The core office markets in Canada’s two largest western cities represent the most startling contrast in the country.

There is four million square feet of new office space under construction in downtown Vancouver – the most in the city’s history – but it still does not keep pace with what is also historic demand.

At 2.3%, Vancouver has among the lowest downtown office vacancy rates in North America, according to a recent CBRE report. Prime office space downtown is leasing for more than $55 per square foot gross, the highest in Canada.

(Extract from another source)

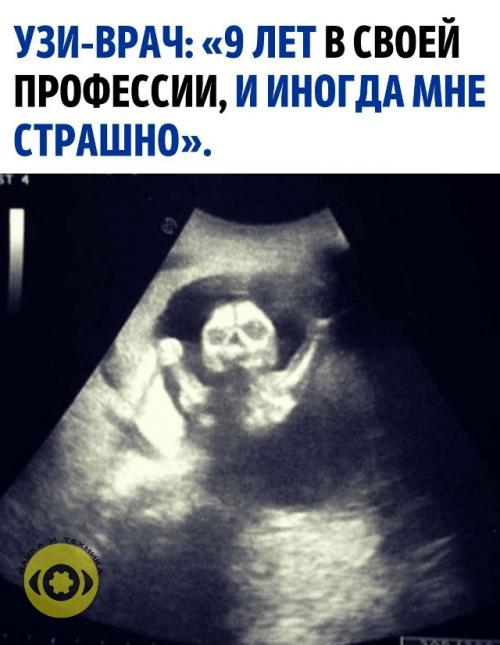 Иногда включаешь аппарат - и вместо умилительной картинки появляется что-то, больше похожее на трейлер к хоррору.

In Calgary, a downtown office-building boom peaked and collided with crashing oil prices six years ago. The result is Canada’s highest vacancy rate, at 24.6%, nearly a third of it in massive spaces.

Calgary’s empty office space downtown covers 11.4 million square feet, equal to a ranch-sized 241 acres, with 72% of that in head leases and the remaining 3.2 million square feet in sublease space that has been shoved back onto the market.

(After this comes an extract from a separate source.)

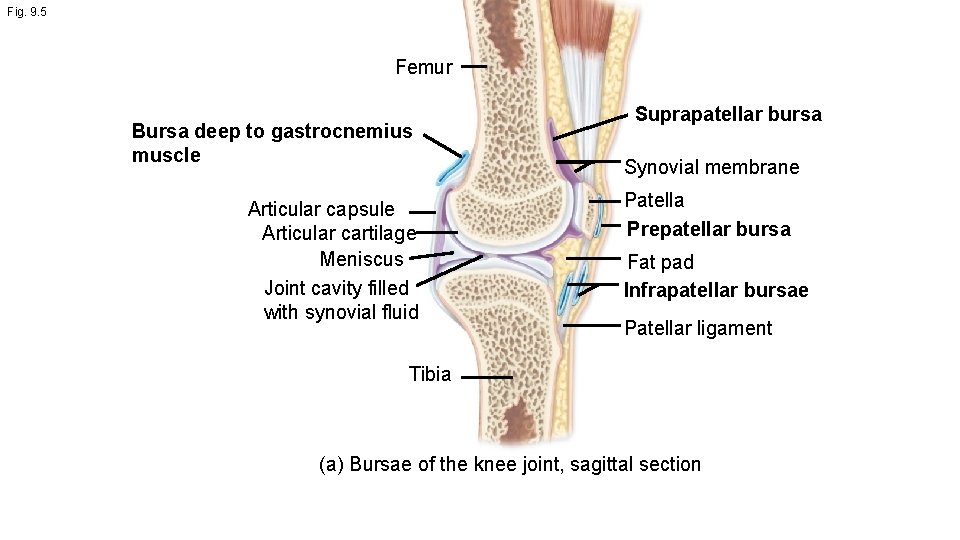 Fig. 9. 5 Femur Bursa deep to gastrocnemius muscle Articular capsule Articular cartilage Meniscus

“Almost half the sublease space currently on the market is set to expire in the next five years,” according to a recent survey by Avison Young, Calgary.

Noting that the downtown office absorption went negative in 2019’s third quarter, Avison Young has calculated that if the current absorption rate continues, Calgary’s central vacancy rate would still be in the 20% range four years from now.

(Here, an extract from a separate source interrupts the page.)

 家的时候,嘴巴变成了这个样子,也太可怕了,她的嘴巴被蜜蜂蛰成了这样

Avison Young counted 13 office offerings in downtown Calgary at the end of 2019 with more than 100,000 square feet as one contiguous block. These blocks of dark space represent 28% of the total offices vacant downtown.

Among these giants is the 80,758-square-foot fourth floor of the 20-storey Gulf Canada Square tower on 9th Avenue Southwest, a Class A building.

At 697 square feet in length, the empty space covers two city blocks downtown.

GWL Realty Advisors (GWLRA) manages Gulf Canada Square. A major oil-and-gas tenant had held the fourth floor, and it came back to GWL through a lease renegotiation last year.

“The space has not leased, but we have had a few interested parties since our broker open house in November,” said Lucas Beck, senior manager, leasing, for GWL, on January 8. “Given the massive floor plate, we have four e-scooters on the floor to make it easier to get around on a tour.”

Beck said the lease rate is dependent on the term, but “it would be market rate for Class A space and enough TI [tenant improvement] to build out the space to a reasonable spec.”

The current Class A lease rate in downtown Calgary is around $23 per square foot, according to Avison Young.

In Vancouver, three of the first four office towers being built are already 100% pre-leased and, in 2019’s third quarter, more than 325,000 square feet of existing space had been taken up, despite escalating lease rates.

The demand for downtown offices mirrors the diversity of the B.C. economy. The big space-takers now are not resource-based firms. In 2019, 51.5% of the pre-leasing activity was from the technology industry, co-working firms took 20.9% and business services claimed 13.1% of the new space, according to industry surveys.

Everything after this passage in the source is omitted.